PROMPT
The lines to repeat are those below from the one containing "Salzburg, Østrig, Europa." down to the one containing "robbery through road jaam in roorkee.", both included; reproduce them exactly and nothing else.

Dataset records
######
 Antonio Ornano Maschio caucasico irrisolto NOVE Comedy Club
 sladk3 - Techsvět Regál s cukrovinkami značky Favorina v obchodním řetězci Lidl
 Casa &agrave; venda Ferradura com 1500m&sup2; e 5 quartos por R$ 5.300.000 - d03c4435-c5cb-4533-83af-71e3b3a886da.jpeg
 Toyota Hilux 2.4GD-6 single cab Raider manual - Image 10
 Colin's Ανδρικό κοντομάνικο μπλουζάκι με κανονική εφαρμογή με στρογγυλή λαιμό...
######
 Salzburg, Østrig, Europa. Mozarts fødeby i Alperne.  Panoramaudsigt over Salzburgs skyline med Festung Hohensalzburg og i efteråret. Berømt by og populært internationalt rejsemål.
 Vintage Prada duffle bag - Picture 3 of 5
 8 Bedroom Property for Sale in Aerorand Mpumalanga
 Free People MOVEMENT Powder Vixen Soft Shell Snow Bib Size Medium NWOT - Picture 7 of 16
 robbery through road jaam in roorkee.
######
OUTPUT OF THE EXERCISE
 Salzburg, Østrig, Europa. Mozarts fødeby i Alperne.  Panoramaudsigt over Salzburgs skyline med Festung Hohensalzburg og i efteråret. Berømt by og populært internationalt rejsemål.
 Vintage Prada duffle bag - Picture 3 of 5
 8 Bedroom Property for Sale in Aerorand Mpumalanga
 Free People MOVEMENT Powder Vixen Soft Shell Snow Bib Size Medium NWOT - Picture 7 of 16
 robbery through road jaam in roorkee.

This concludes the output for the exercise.